A capacidade de produção fez com que o Movimento de Luta pela Terra alcançasse notoriedade frente à sociedade, e os integrantes do MLT querem mais. Alegam que com a demarcação do imóvel e assentamento das famílias a produção e qualidade de vida melhorariam imensamente. Entretanto, devido aos constantes prejuízos e atentados dos mais variados tipos causados pelos membros da FETAG, a tensão e o medo rodeiam o acampamento. Apesar da indubitável quantidade de documentos comprobatórios, o estado não se mobilizou ou tomou alguma providência para a resolução dos conflitos com a retirada dos membros da Federação e regularização das famílias do MLT.
Portanto, o Movimento de Luta pela Terra torna pública esta situação com um pedido às autoridades, de que tome as medidas cabíveis. Em respeito às famílias acampadas e à sociedade em geral.

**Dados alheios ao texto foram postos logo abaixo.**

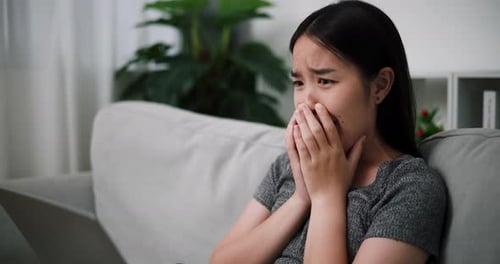 A young woman shows a surprised expression while looks at laptop.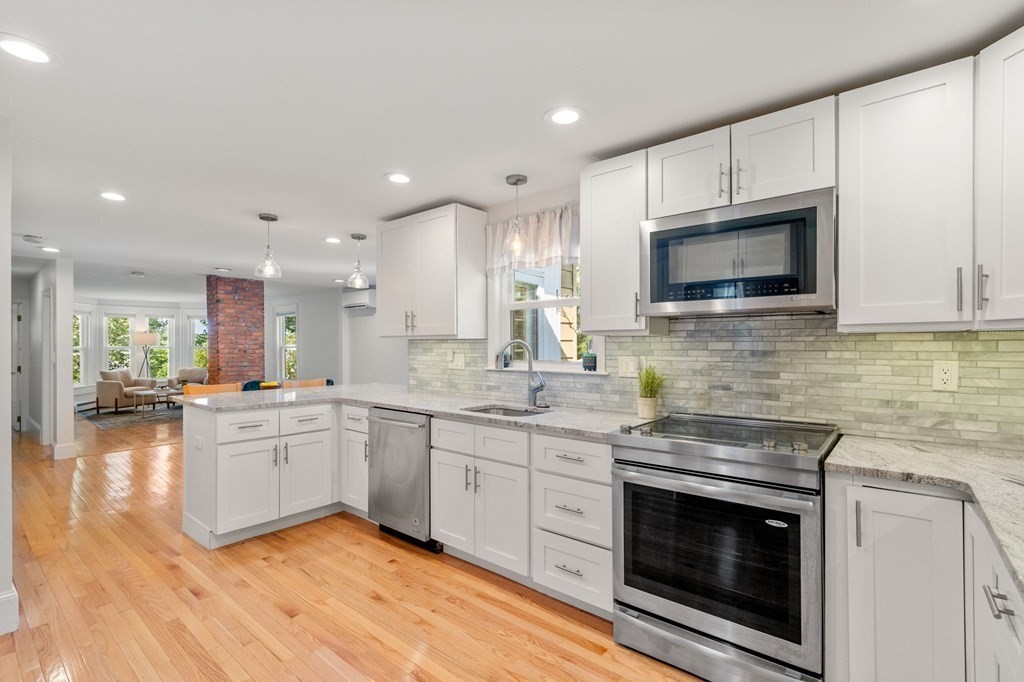 91 Fayette Street, Unit 91 Watertown, MA 02472 - Photo 8 of 21 a kitchen with stainless steel appliances granite countertop wooden cabinets granite counter tops a stove a sink and a microwave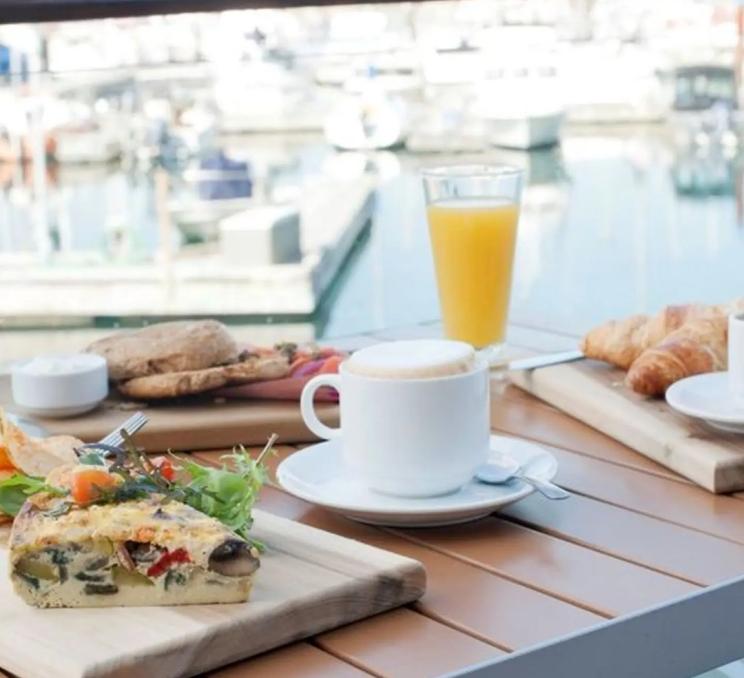 A spread of food and drinks at Marina Dockside Eatery in Victoria, BC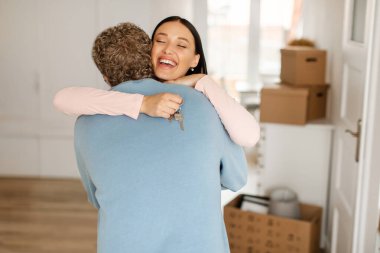 Heyecanlı bir kadın taşınma gününde kocasına sarılıyor ve ev anahtarını tutuyor. Eşler taşınma sırasında yeni evlerinde kucaklaşıyor.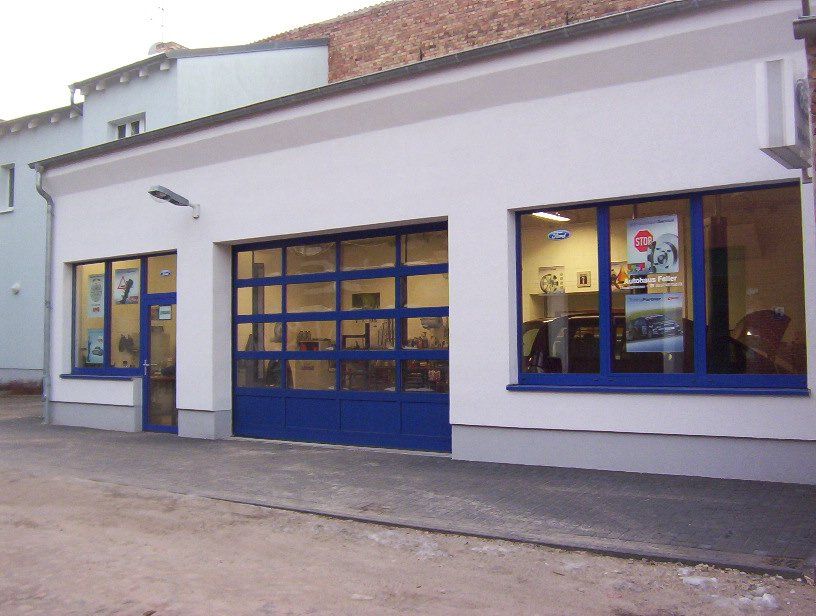 A white building with a blue garage door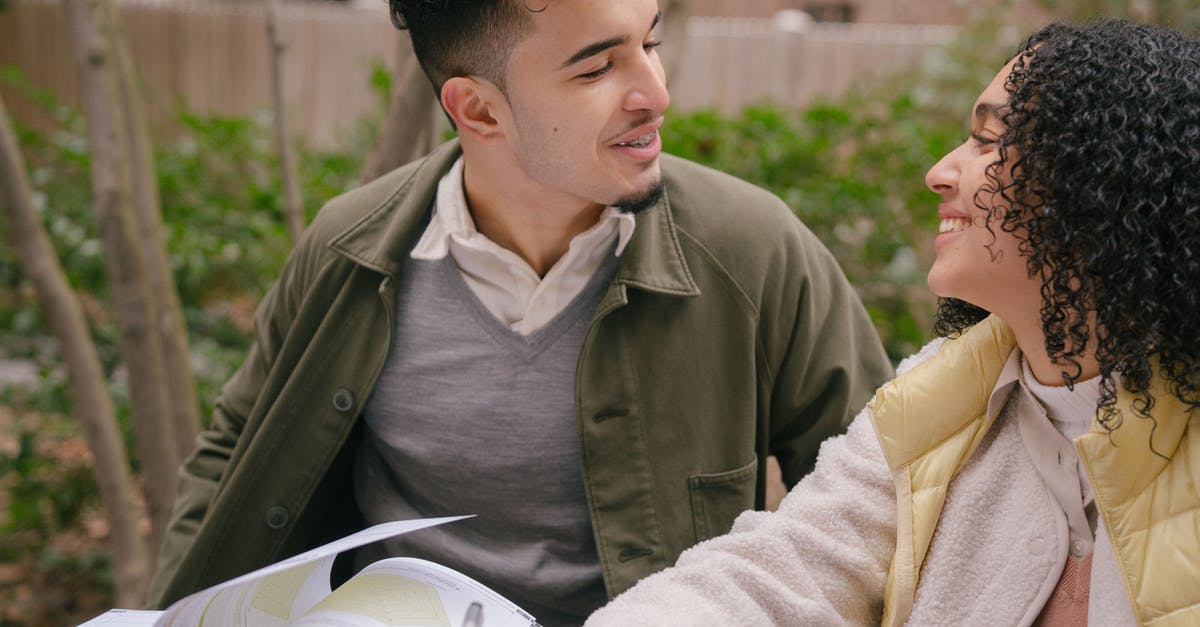 What does the full research tree look like for XCOM 2? - Smiling young Hispanic couple in warm clothes sitting at table while preparing for exams with textbook near green shrubs and trees in daylight in park while looking at each other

Eunápolis 18 de agosto de 2011.
[1] A Veracel Celulose, empresa com sede em Eunápolis que ocupa mais de 200 mil hectares em 10 municípios do extremo sul da Bahia, é resultado de uma
Joint venture (associação de empresas, com fins lucrativos, para explorar um negócio sem que nenhuma delas perca sua personalidade jurídica) entre a brasileira Fibria (empresa surgida da compra da Aracruz Celulose pela Votorantim Papel e Celulose em 2009), atualmente a maior produtora de celulose de fibra curta do mundo e a quarta em capacidade produtiva de celulose; e a sueco-finlandesa Stora Enso, a maior produtora de papel e cartão do mundo e a segunda maior de produtos florestais.